Dia pun selalu bersemangat mengikuti lomba yang ada, mulai dari lomba mengambar peta, lomba menulis cerita, lomba cerdas cermat sekolah sampai dengan seleksi OSK tingkat sekolah. Ya, dia adalah salah satu dari 10 delegasi sekolah yang lolos ke babak semifinal OSK –lebih lanjut ada disini–. Selain membaca dan menulis, dia juga suka belajar sains. Rasa ingin tahu yang tinggi diiringi dengan hopi membacanya, saya yakin dia pasti bisa mendapatkan hasil yang terbaik dari setiap usahanya.

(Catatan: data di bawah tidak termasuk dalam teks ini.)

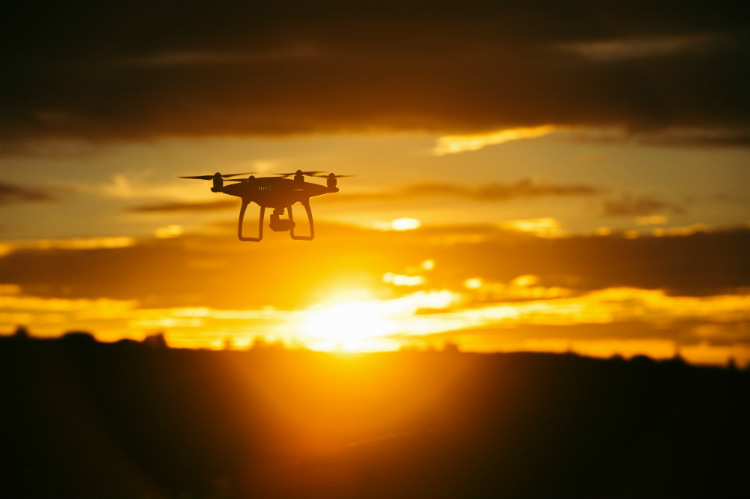 Airport 'no-fly' zones to be extended after Gatwick drone chaos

“Buk, nanti saya telpon ibuk ya kalo sudah besar, kalo saya sudah mau kuliah saya telpon ibuk, saya mau kuliah dekat tempat ibuk”, celetuk Dea, sembari menebar senyum khasnya. Sayapun tak dapat menggelak, senyum khas dan kerlingan mata saya pun tertuju padanya, ditambah dua jempol saya yang otomatis terangkat.

Sebuah pertanyaan atau pernyataan yang membuat hati saya bergetar. Subhanallah. Anak ini, saya yakin dia pasti bisa meraih cita-citanya. Pasti, saya percaya suatu saat nanti kita akan berjumpa lagi ditempat yang berbeda.

Dan saat masih proses menyelesaikan tulisan ini, tiba-tiba dia datang.

“Assalamu’alaikum.. bu, ibuk”, dengan malu-malu Dea masuk dari pintu samping rumah, “Wa’alaikumsalam.. loh, nanti jam dua lo kita belajarnya, kita ke Sawindo”, timpal saya memastikan.

“Iya buk, saya lo pengen baca buku cerita itu dulu, saatu juduul ajaa, gantian sama Umi”, sambil menunjuk buku cerita nusantara yang sedang dibaca si Umi.

“Bukannya sudah selesai to” tanya saya, “Belum bu, masih kurang 8 cerita lagi bu :)”, tersenyum malu dia menjawab. Ah dasar si putri malu, dia menghitungnya.